[To do]
Once you reach the line that holds "Lucija Makarska-first Row" in the listing below, output it and every line after it through the line that holds "T-shirt Eat Sleep", word for word.

[Source information]
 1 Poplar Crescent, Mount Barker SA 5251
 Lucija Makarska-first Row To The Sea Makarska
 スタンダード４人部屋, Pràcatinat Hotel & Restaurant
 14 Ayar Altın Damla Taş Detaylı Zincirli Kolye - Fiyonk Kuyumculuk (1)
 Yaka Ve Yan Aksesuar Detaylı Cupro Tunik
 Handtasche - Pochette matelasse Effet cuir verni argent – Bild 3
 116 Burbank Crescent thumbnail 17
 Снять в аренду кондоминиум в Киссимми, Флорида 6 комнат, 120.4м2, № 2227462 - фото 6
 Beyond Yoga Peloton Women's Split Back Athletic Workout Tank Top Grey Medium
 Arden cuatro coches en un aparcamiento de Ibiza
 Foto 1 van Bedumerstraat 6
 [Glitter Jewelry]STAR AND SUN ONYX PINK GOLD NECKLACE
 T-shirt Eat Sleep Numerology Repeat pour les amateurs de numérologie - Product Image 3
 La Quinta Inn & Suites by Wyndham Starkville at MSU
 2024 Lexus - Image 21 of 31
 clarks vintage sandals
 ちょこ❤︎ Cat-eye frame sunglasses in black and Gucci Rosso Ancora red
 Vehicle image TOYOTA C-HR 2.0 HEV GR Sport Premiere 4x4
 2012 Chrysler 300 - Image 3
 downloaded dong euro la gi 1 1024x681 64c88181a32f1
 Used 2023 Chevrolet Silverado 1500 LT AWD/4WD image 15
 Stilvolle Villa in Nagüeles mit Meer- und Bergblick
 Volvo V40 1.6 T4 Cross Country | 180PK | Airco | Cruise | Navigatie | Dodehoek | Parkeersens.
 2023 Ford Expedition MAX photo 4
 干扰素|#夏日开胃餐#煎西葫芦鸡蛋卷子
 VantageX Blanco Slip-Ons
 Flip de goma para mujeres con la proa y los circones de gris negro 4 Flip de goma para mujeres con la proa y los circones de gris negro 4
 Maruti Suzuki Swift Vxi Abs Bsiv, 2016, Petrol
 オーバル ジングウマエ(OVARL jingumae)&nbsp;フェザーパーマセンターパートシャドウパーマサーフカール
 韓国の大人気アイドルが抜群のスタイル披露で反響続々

[Answer to the problem]
 Lucija Makarska-first Row To The Sea Makarska
 スタンダード４人部屋, Pràcatinat Hotel & Restaurant
 14 Ayar Altın Damla Taş Detaylı Zincirli Kolye - Fiyonk Kuyumculuk (1)
 Yaka Ve Yan Aksesuar Detaylı Cupro Tunik
 Handtasche - Pochette matelasse Effet cuir verni argent – Bild 3
 116 Burbank Crescent thumbnail 17
 Снять в аренду кондоминиум в Киссимми, Флорида 6 комнат, 120.4м2, № 2227462 - фото 6
 Beyond Yoga Peloton Women's Split Back Athletic Workout Tank Top Grey Medium
 Arden cuatro coches en un aparcamiento de Ibiza
 Foto 1 van Bedumerstraat 6
 [Glitter Jewelry]STAR AND SUN ONYX PINK GOLD NECKLACE
 T-shirt Eat Sleep Numerology Repeat pour les amateurs de numérologie - Product Image 3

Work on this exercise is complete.